ECLI:NL:GHARL:2023:2696

Gerechtshof Arnhem-Leeuwarden

Datum uitspraak
14 maart 2023
Publicatiedatum
29 maart 2023
Zaaknummer
21-002838-21
Instantie
Gerechtshof Arnhem-Leeuwarden
Type
Uitspraak
Rechtsgebied
Strafrecht
Procedures
  • Hoger beroep
Vindplaatsen
  • Rechtspraak.nl
AI samenvatting door LexboostAutomatisch gegenereerd

Niet-ontvankelijkheid in hoger beroep in ontnemingszaak

In de ontnemingszaak tegen de verdachte, geboren in 1994 en thans verblijvende in Huis van Bewaring De Vecht te Nieuwersluis, heeft het gerechtshof Arnhem-Leeuwarden op 14 maart 2023 uitspraak gedaan. De zaak betreft een hoger beroep tegen een beslissing van de rechtbank Overijssel, die op 4 juni 2021 een vonnis heeft gewezen in de ontnemingszaak met parketnummer 08-910042-20. De advocaat-generaal heeft verzocht om niet-ontvankelijkverklaring van de betrokkene in het hoger beroep.
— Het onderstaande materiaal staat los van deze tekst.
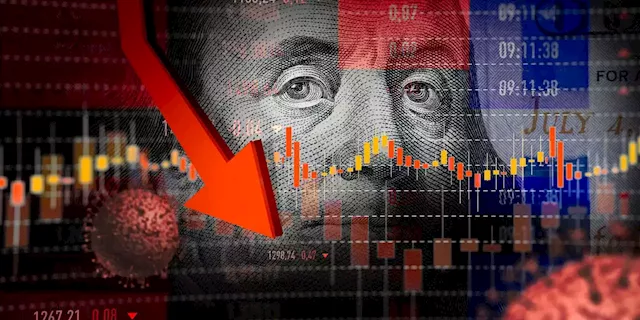 Robert Shiller created an index that shows investors' fear of a stock market crash. Here's what it's saying now.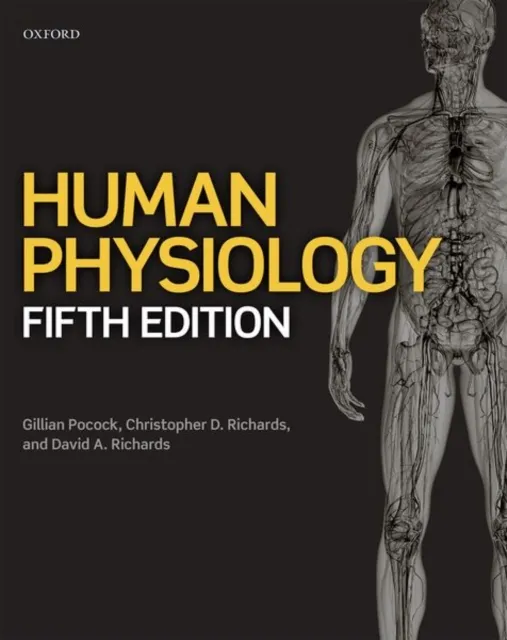 Oxford University Press Human Physiology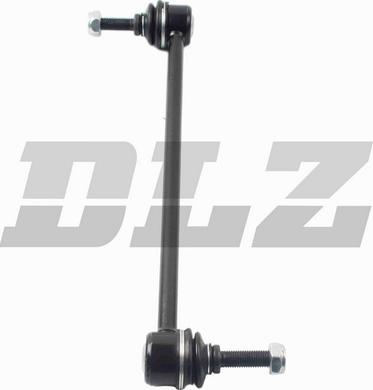 DLZ SL0744 - Rod / Strut, stabiliser car-mod.net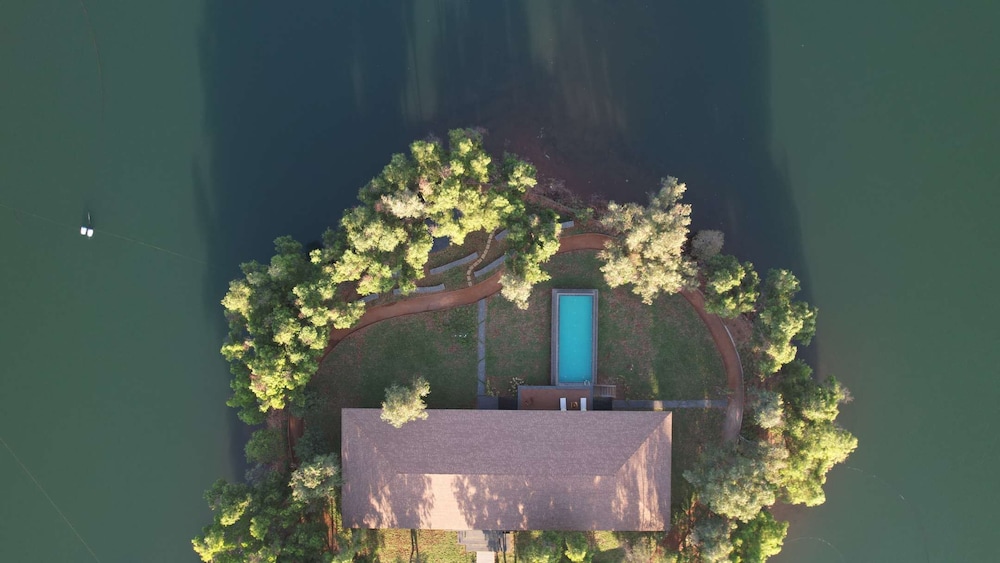 Nature's Island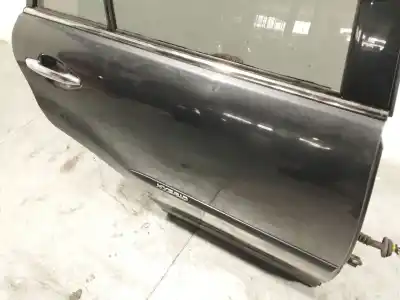 Автозапчастина б/у двері задні праві для lexus rx (_u3_) 400h (mhu38_) посилання на oem iam 6700348080  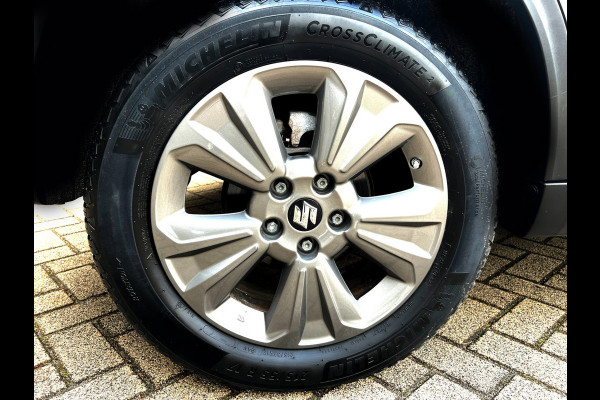 Suzuki Vitara 1.5 Hybrid Select Carplay_Trekhaak_Cam_Stoelverw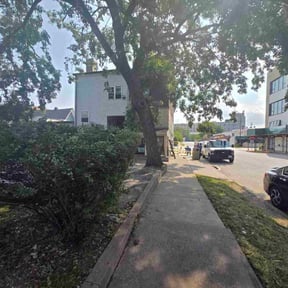 Bush Trimming by JTRS Landscaping, LLC reviewed on November 9, 2025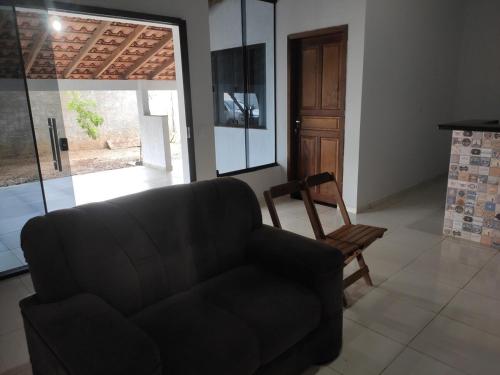 Residência Europa (Residencia Europa) in Какоал Residência Europa (Residencia Europa) in Какоал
Tijdens de regiezitting op 7 april 2022 is de behandeling van de zaak in hoger beroep gestart. Op 10 maart 2023 heeft de raadsvrouw van de betrokkene, mr. M. Schwab, meegedeeld dat de betrokkene geen hoger beroep meer wenst in te stellen tegen het vonnis in de ontnemingszaak. Zowel de betrokkene als de advocaat-generaal hebben aangegeven dat er geen belang meer is bij de voortzetting van het hoger beroep. Het hof heeft geoordeeld dat de betrokkene niet-ontvankelijk moet worden verklaard in het hoger beroep, op basis van artikel 416, tweede lid, van het Wetboek van Strafvordering. De beslissing is op 14 maart 2023 ter openbare terechtzitting uitgesproken door de meervoudige kamer voor strafzaken.

Uitspraak

Afdeling strafrecht
Parketnummer: 21-002838-21
Uitspraak d.d.: 14 maart 2023

ONTNEMINGSZAAK

Arrestvan de meervoudige kamer voor strafzaken van het gerechtshof Arnhem-Leeuwarden, zittingsplaats Arnhem, gewezen op het hoger beroep, ingesteld tegen de beslissing van de rechtbank Overijssel, zittingsplaats Zwolle, van 4 juni 2021 met parketnummer 08-910042-20 op de vordering ingevolge artikel 36e van het Wetboek van Strafrecht, in de zaak tegen

[verdachte] ,

geboren te [geboorteplaats] op [geboortedatum] 1994,
wonende te [plaats] , [adres] ,
thans uit anderen hoofde verblijvende in Huis van Bewaring De Vecht te Nieuwersluis.

Het hoger beroep

De betrokkene heeft tegen het hiervoor genoemde vonnis hoger beroep ingesteld.

Onderzoek van de zaak

Dit arrest is gewezen naar aanleiding van het onderzoek op de terechtzitting van het hof van 14 maart 2023.
Het hof heeft kennisgenomen van de vordering van de advocaat-generaal strekkende tot niet-ontvankelijkverklaring van betrokkene in het hoger beroep. Deze vordering is na voorlezing aan het hof overgelegd.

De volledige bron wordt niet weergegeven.